Из прочих достоинств пакета F-Secure Internet Security 2013 разработчики выделяют повышенную скорость всех компонентов, включая установку ПО, проверку во время загрузки, сканирование и очистку системы. Защита от шпионского ПО обеспечивает распознавание и уничтожение всех известных шпионских утилит, тайно установленных на ваш компьютер для перехвата паролей и других видов слежки. Защита от несанкционированного доступа обеспечивается за счет брандмауэра, который не дает хакерам взломать ваш компьютер (реализация построена на стандартных технологиях Windows с дополнительными фильтрами). Защита от нежелательных почтовых рассылок, включая попытки выманить у вас важную информацию, а также функции родительского контроля, делают жизнь пользователя более безопасной и защищенной.

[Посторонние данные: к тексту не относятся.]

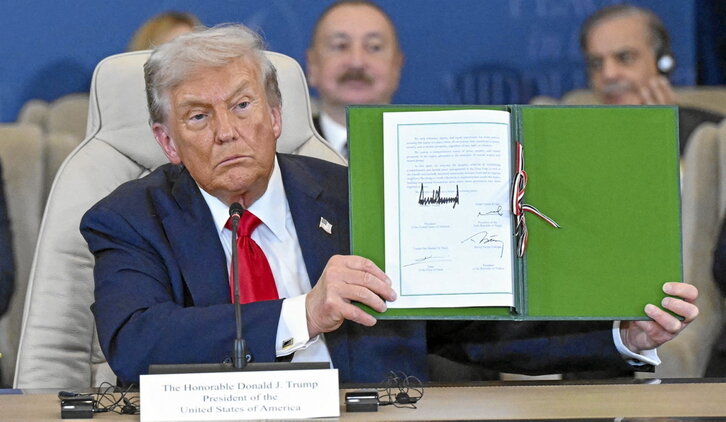 Donald Trump muestra el documento del acuerdo firmado.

Пакет F-Secure Internet Security 2013 поддерживает множество языков мира, включая русский. Продукт поддерживает все актуальные версии Windows, в том числе, Windows XP, Vista, Windows 7 и Windows 8 Preview. Подробнее об условиях участия в бета-тестировании этого мощного инструмента индивидуальной защиты при работе в Интернете можно узнать на официальном сайте по адресу http://www.f-secure.com/en/web/labs_global/beta-programs/internet-security-technology-preview.

Источник


----------



## Severnyj

*F-Secure Internet Security 2013 – обновленная защита домашнего ПК*

Компания F-Secure выпустила новую версию своего флагманского продукта F-Secure Internet Security 2013. Это приложение, ориентированное на потребительский рынок, обеспечивает надежную защиту пользовательских систем и персональных данных во время работы в глобальной сети. Обитатели глобальной сети смогут посещать любимые сайты, взаимодействовать со своими банковскими счетами и приобретать товары в интернет-магазинах, не беспокоясь о собственной безопасности. 







Интерфейс F-Secure Internet Security практически не изменился по сравнению с предыдущими версиями. Однако вниманию пользователей предлагается множество интересных усовершенствований и новых функций. В том числе в новой версии реализована долгожданная официальная поддержка браузера Chrome в дополнение к Firefox и Internet Explorer (впрочем, разработчики утверждают, что предлагаемые средства защиты могут использоваться с любым современным браузером). Модифицированный межсетевой экран укомплектован набором дополнительных фильтров, предусматривает расширенные возможности настройки и может использоваться в домашних и общедоступных сетях. Кроме того, разработчики сообщают о совместимости продукта с новой операционной системой Windows 8.

Владельцы компьютеров, выбравшие F-Secure Internet Security, также в течение целого года будут получать полезные обновления, расширяющие функциональность исходного продукта. К примеру, разработчики уже анонсировали новый механизм, который обеспечит безопасность операций с банковским счетом в «онлайне» и гарантирует более эффективную защиту от специфических троянов.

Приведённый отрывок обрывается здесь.